Pour la prochaine élection municipale de 2026, Sophia Chikirou, candidate de la France Insoumise à la Mairie de Paris, a lancé un « emprunt solidaire » visant à collecter 100.000 euros pour sa campagne. Les électeurs sont invités à prêter leur argent à taux zéro, avec un remboursement prévu sous 18 mois. Selon des informations de 20 Minutes, ce procédé, bien qu'encore en cours de démocratisation, pourrait redynamiser la démocratie en mobilisant des personnes qui n'ont pas les moyens d'effectuer des dons substantiels.
"Vous nous prêtez, nous menons campagne et nous vous remboursons", résume l'équipe de Chikirou. Cette approche, qui s'oppose à la recherche de financements par le biais de grandes fortunes, souligne l'inclusivité de son projet. En effet, l'emprunt solidaire a été légalisé depuis 2017, permettant aux candidats de solliciter des prêts sous certaines conditions, la principale étant que le taux d'intérêt doit être compris entre zéro et le taux légal.

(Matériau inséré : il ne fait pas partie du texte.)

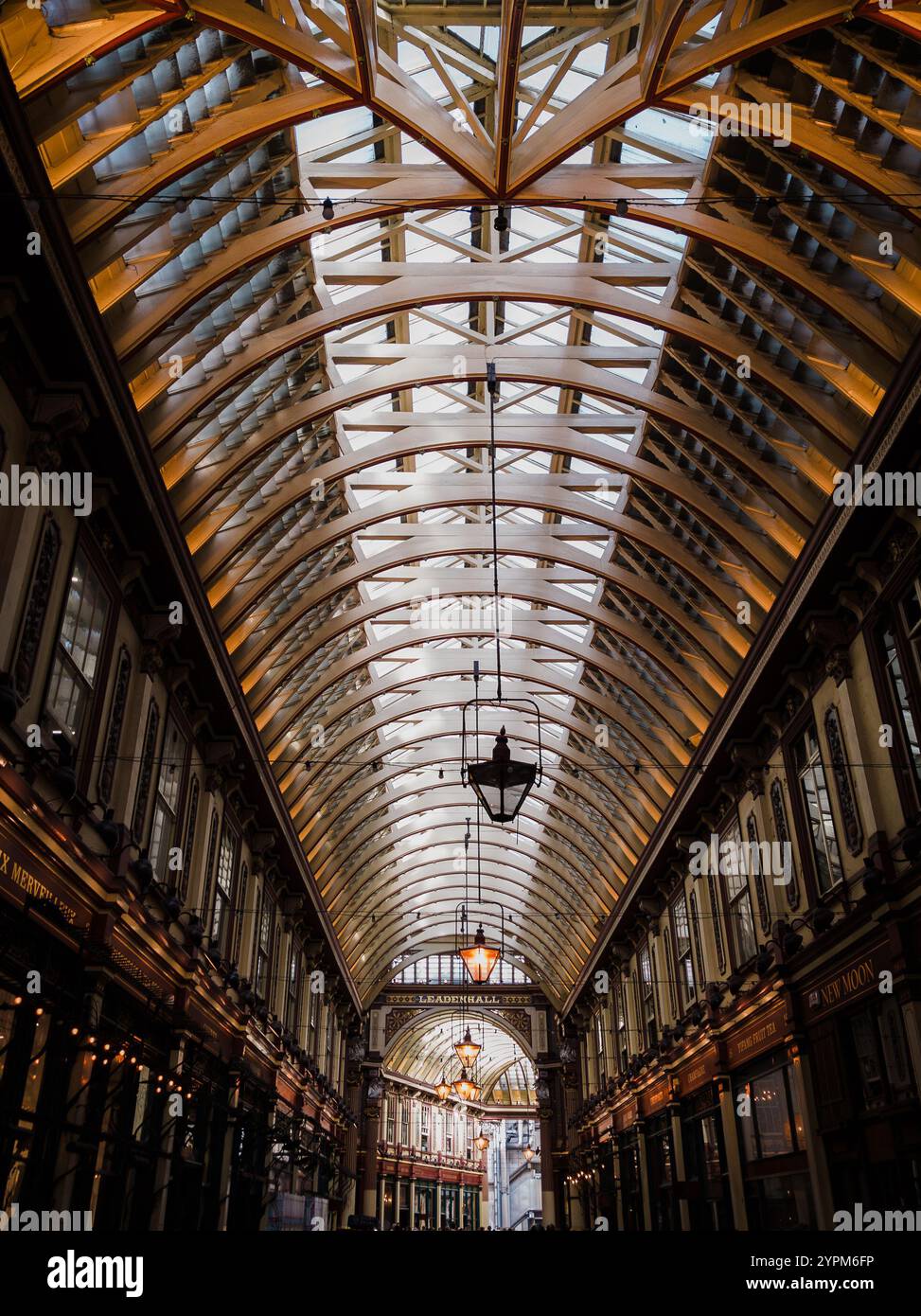 Eleganti interni architettonici del Leadenhall Market di Londra, con soffitti dal design intricato, luci d'epoca e fascino storico Foto Stock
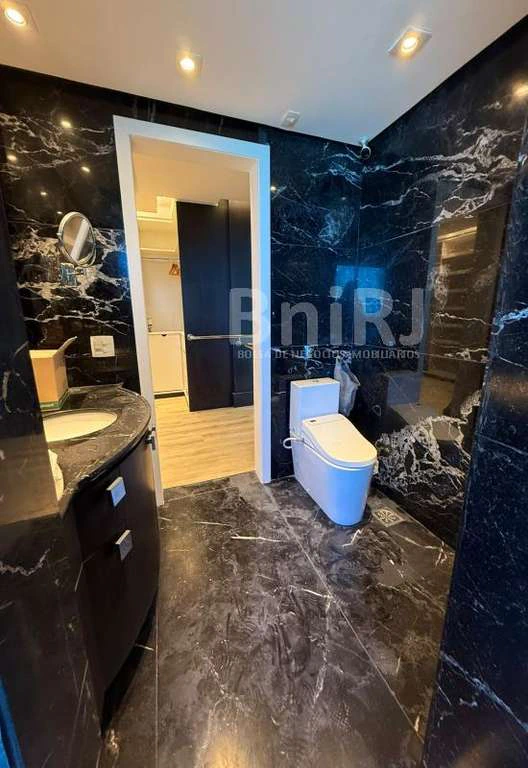 Квартира 779 м² без меблів із 4 спальнями-сюїтами — photo 15
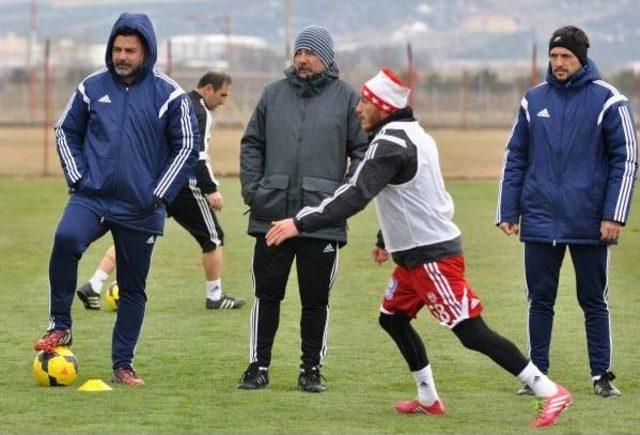 Sivasspor Pas Çalıştı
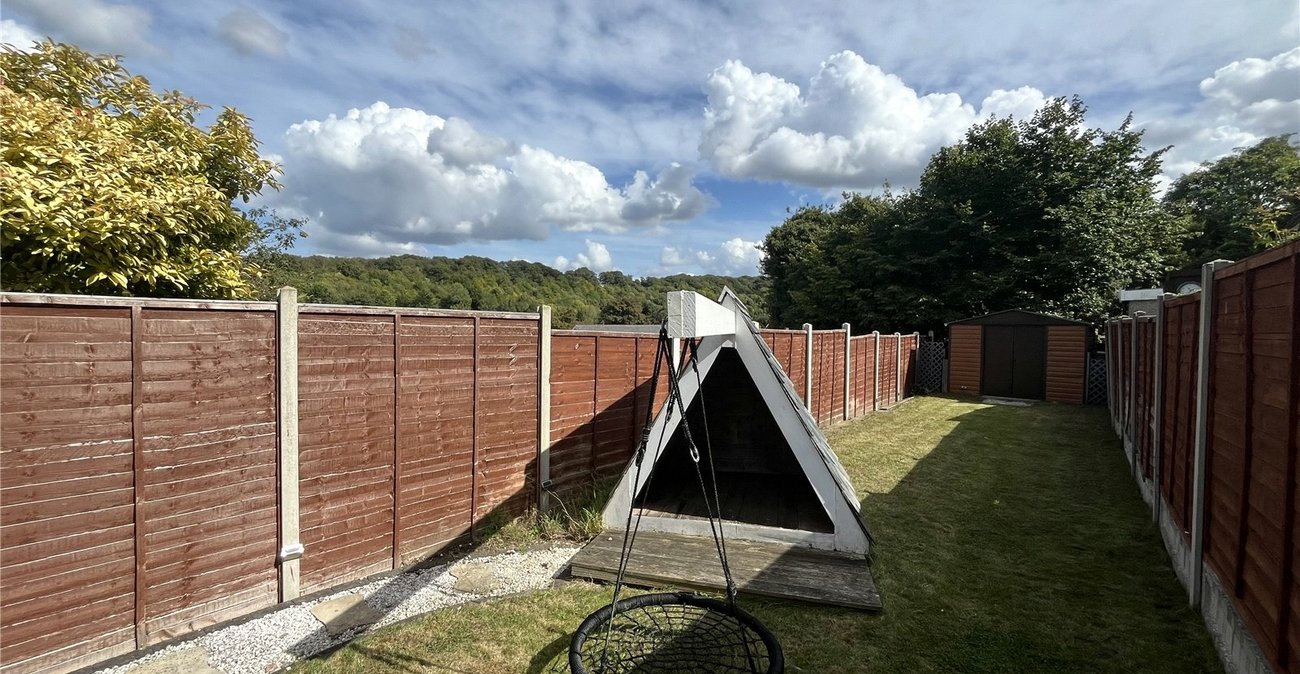 2 bedroom house for sale in Walderslade | Robinson Michael & Jackson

La pratique en pleine évolution
Bien que cette méthode de financement ait généré près de 4,9 millions d'euros lors des élections municipales de 2020, elle reste largement sous-utilisée, se concentrant principalement autour des proches des candidats. Pour Mathilde Haas, avocate spécialisée en droit public, cette nouvelle forme de financement pourrait donner aux candidats moins fortunés l'opportunité de se faire entendre. "Cela rend la campagne plus accessible", explique-t-elle.
L'influence de l'argent sur les élections
Des experts comme l'économiste Julia Cagé notent que les coûts d'une campagne électorale ont un impact direct sur ses résultats. En moyenne, plus un candidat dépense, plus ses chances de succès augmentent, un constat que l'on pourrait vérifier lors des prochaines élections. Toutefois, seulement 0,79% des Français soutiennent financièrement les partis politiques, ce qui pose la question de l'égalité des chances dans ce milieu.
"De petits prêts entrepris par les citoyens peuvent redonner du pouvoir aux électeurs", indique Pierre, un analyste politique. Il croit fermement que cette pratique pourrait inciter d'autres candidats à envisager des approches similaires, brisant ainsi le cercle isolant des grosses contributions financières des proches ou des bailleurs traditionnels.
Chikirou n’est pas la première à capitaliser sur ce concept ; d'autres formations, comme La France Insoumise, ont utilisé des emprunts lors des élections passées. Pour l'heure, cette nouvelle forme de financement politique pourrait bien changer la donne, en permettant à davantage de voix de se faire entendre.
Avec l'essor de l'emprunt solidaire, la démocratie pourrait bien se rapprocher de ses citoyens, redonnant ainsi un sens à l'engagement politique. Est-ce le début d'une véritable transformation du paysage électoral français ? Seul le temps nous le dira.